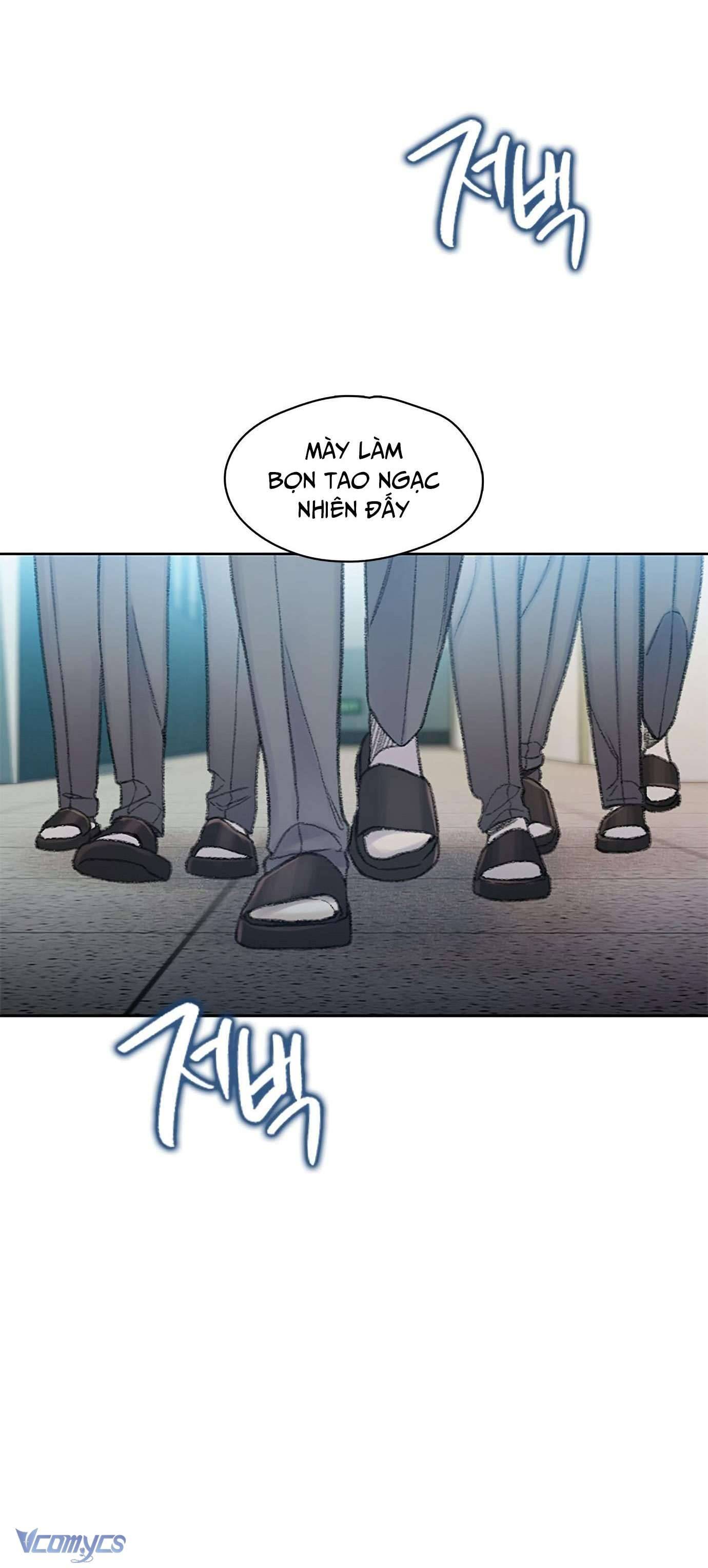 Trăng Tối: Thành Phố Xám (HYBE) Chap 1 - Trang 2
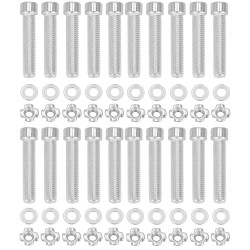 Lezecké úchyty kamene pre deti, farebné, 10ks SPRINGOS KG0001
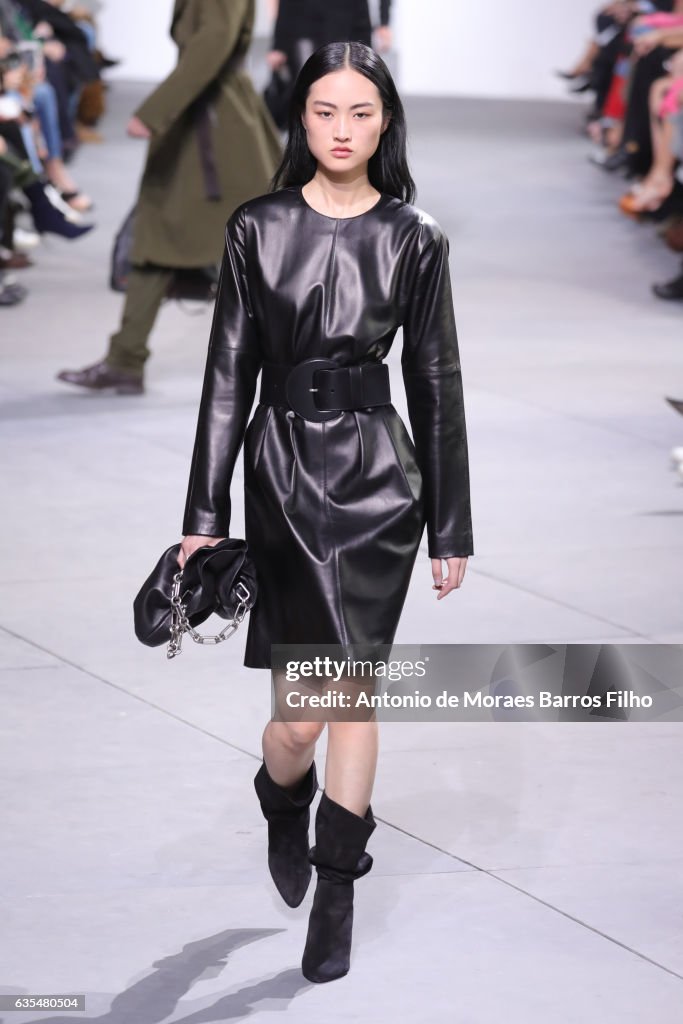 Michael Kors - February 2017 - New York Fashion Week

+---+

→ **What you are asked to do**
The task calls for every line of the data to be returned exactly, without pictures.

→ **Response box**
 Trăng Tối: Thành Phố Xám (HYBE) Chap 1 - Trang 2
 Lezecké úchyty kamene pre deti, farebné, 10ks SPRINGOS KG0001
 Michael Kors - February 2017 - New York Fashion Week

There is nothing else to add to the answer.